• [Goal of the exercise]: Once the pictures have been removed, repeat the remainder of the records exactly.

• [Recorded data]:

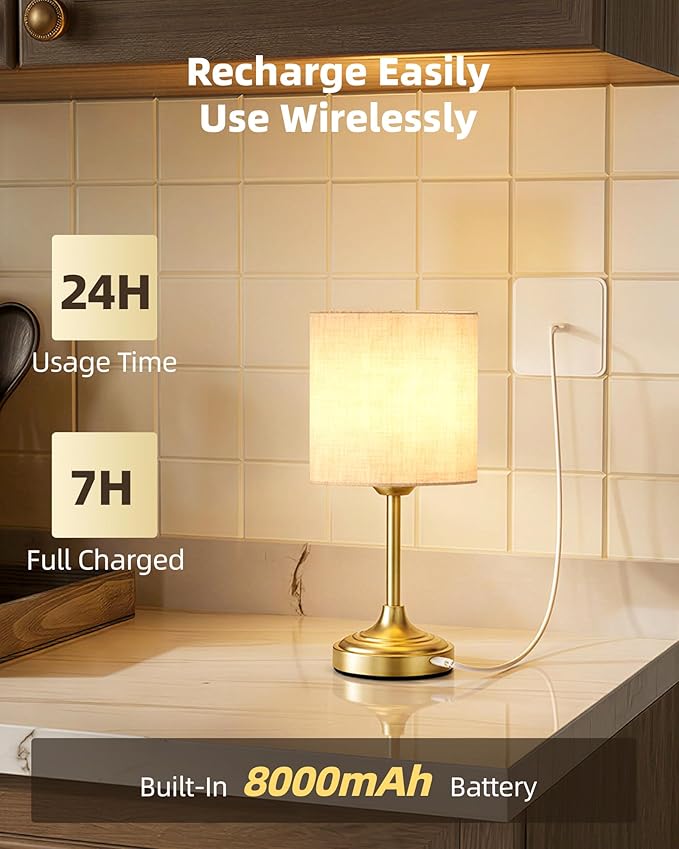 Battery Operated Lamp, 8000mAh, Dimmable, Ambient Light, 2700K, Touch Control, Portable, Small, LED, Wireless, Rechargeable, Cordless, Desk Lamp, Kitchen Lamp, Fabric Shade, for Dining Room, Bedroom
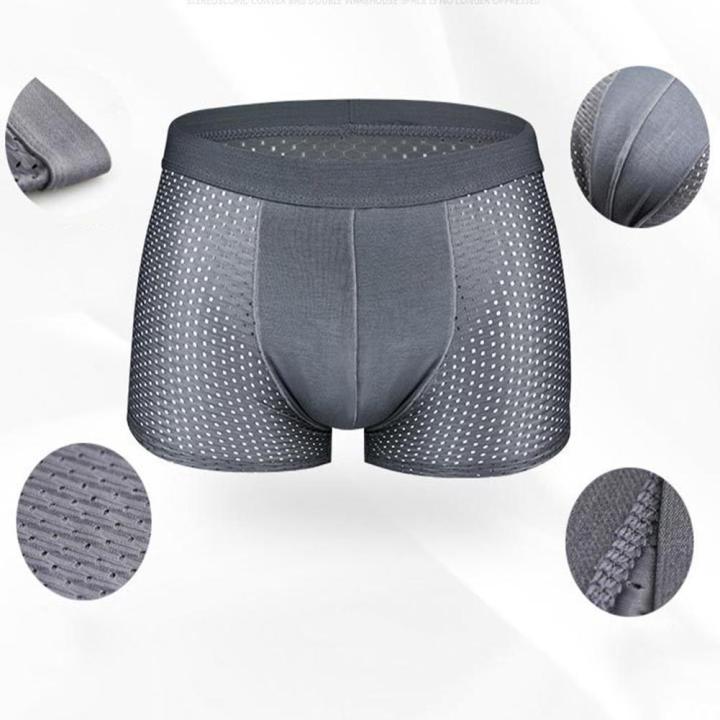 4pcs/Box%20Men%20Mesh%20Breathable%20Briefs%20Solid%20Color%20Underwear%20Comfortable%20Boxers%20-%20Image%204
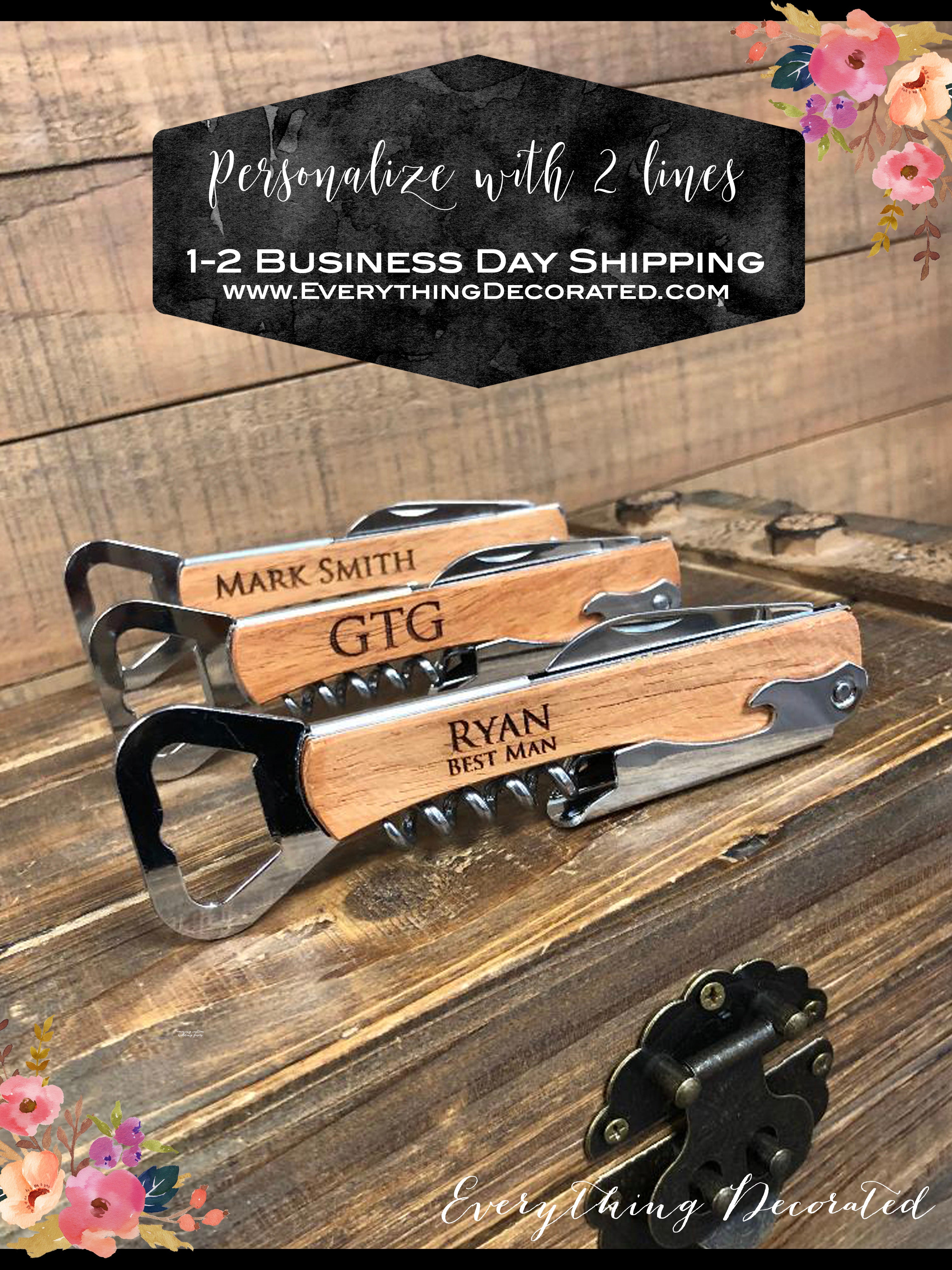 Personalized wine store bottle opener favors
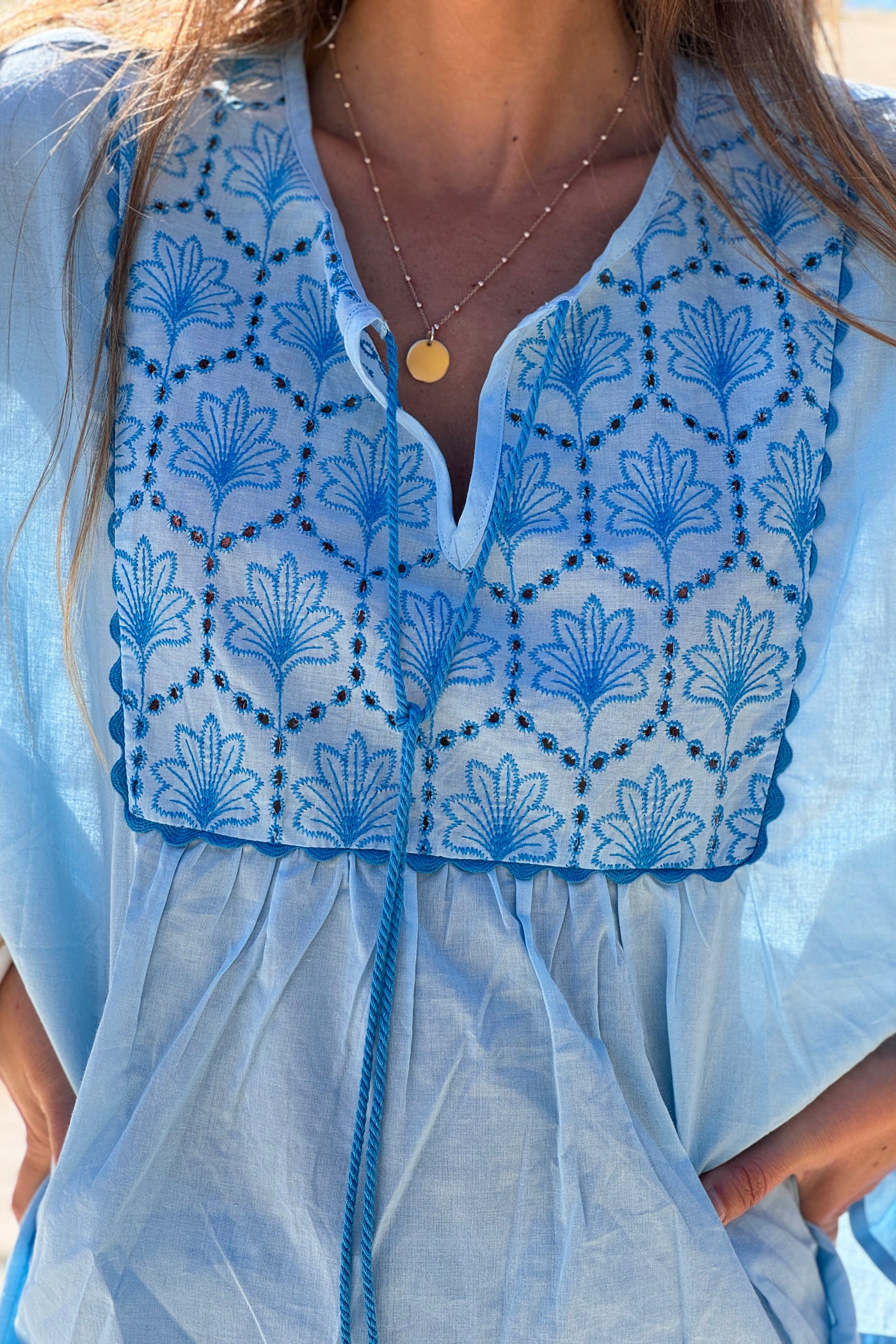 Blue Embroidered Peasant Top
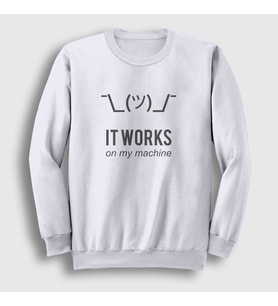 Presmono Unisex Beyaz It Works Developer Yazılımcı Sweatshirt 335211tt (Beyaz)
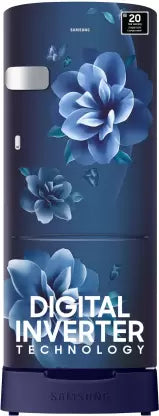 SAMSUNG 223 L Direct Cool Single Door 3 Star Refrigerator with Base Drawer with Digital Inverter (Camellia Blue, RR24D2Z23CU/NL)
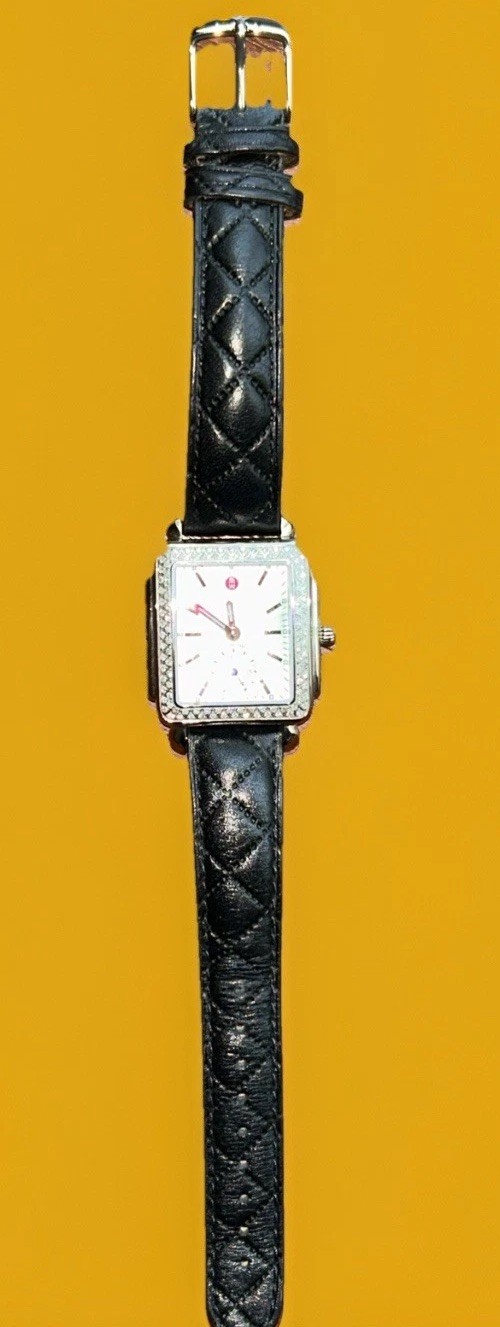 Michele Deco Diamond Watch .49ct 108 Diamonds Black Leather Sapphire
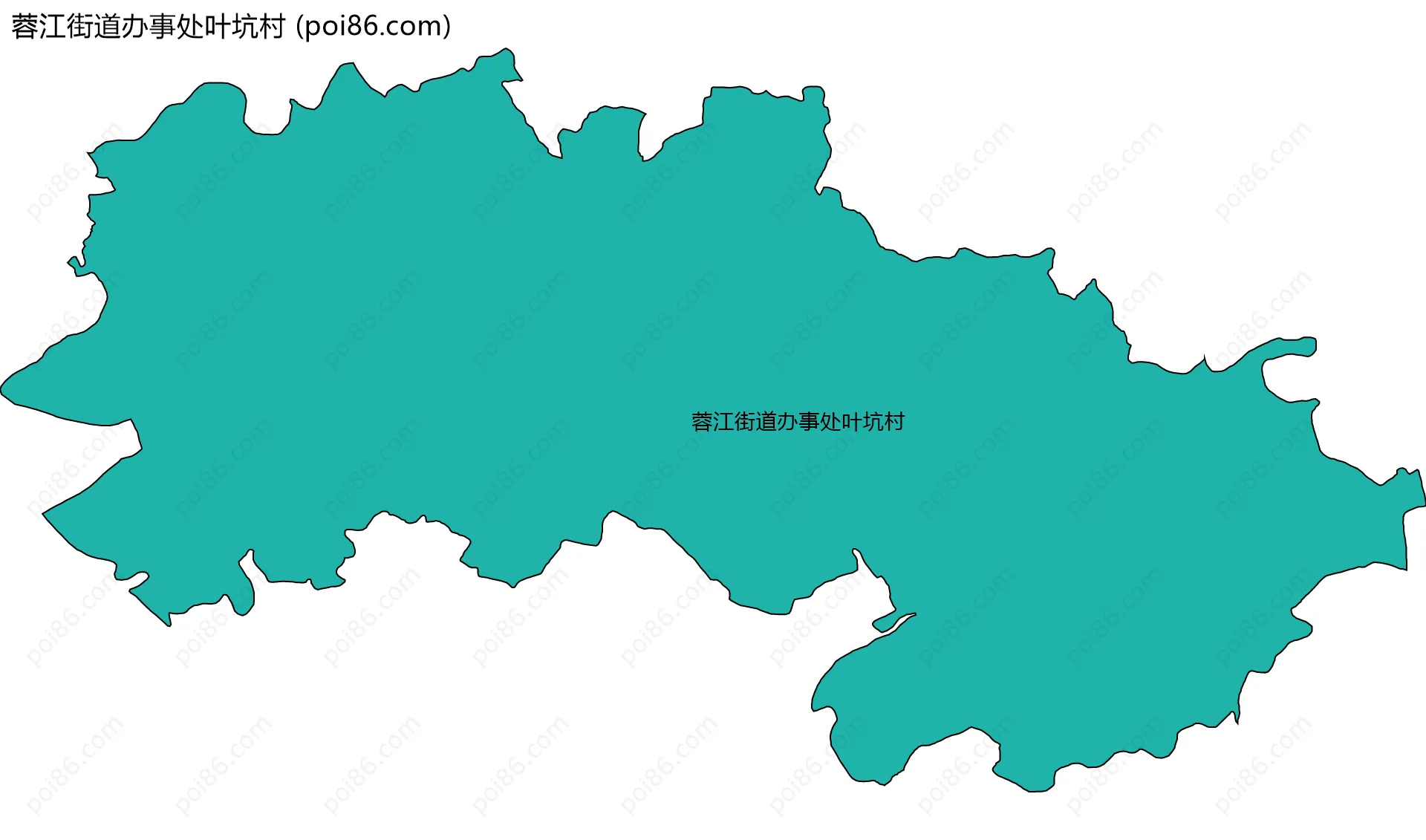 蓉江街道办事处叶坑村边界地图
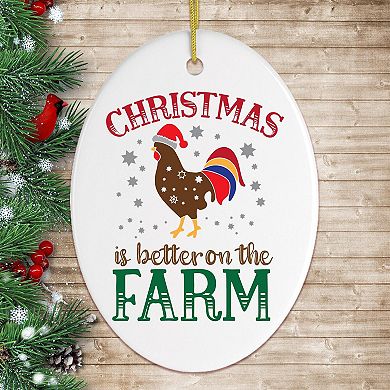 Christmas is Better on the Farm Rooster Ornament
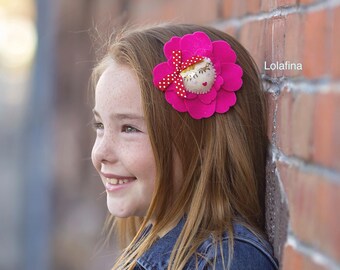 Pink Felt Flower....Hair Accessories...Flower Clip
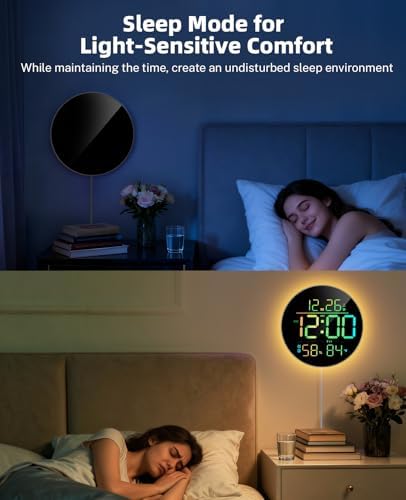 10" Round Digital Wall Clock for Bedroom, 13-Color RGB Model Large LED Display - Image 4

• [Task answer]:
 Battery Operated Lamp, 8000mAh, Dimmable, Ambient Light, 2700K, Touch Control, Portable, Small, LED, Wireless, Rechargeable, Cordless, Desk Lamp, Kitchen Lamp, Fabric Shade, for Dining Room, Bedroom
 4pcs/Box%20Men%20Mesh%20Breathable%20Briefs%20Solid%20Color%20Underwear%20Comfortable%20Boxers%20-%20Image%204
 Personalized wine store bottle opener favors
 Blue Embroidered Peasant Top
 Presmono Unisex Beyaz It Works Developer Yazılımcı Sweatshirt 335211tt (Beyaz)
 SAMSUNG 223 L Direct Cool Single Door 3 Star Refrigerator with Base Drawer with Digital Inverter (Camellia Blue, RR24D2Z23CU/NL)
 Michele Deco Diamond Watch .49ct 108 Diamonds Black Leather Sapphire
 蓉江街道办事处叶坑村边界地图
 Christmas is Better on the Farm Rooster Ornament
 Pink Felt Flower....Hair Accessories...Flower Clip
 10" Round Digital Wall Clock for Bedroom, 13-Color RGB Model Large LED Display - Image 4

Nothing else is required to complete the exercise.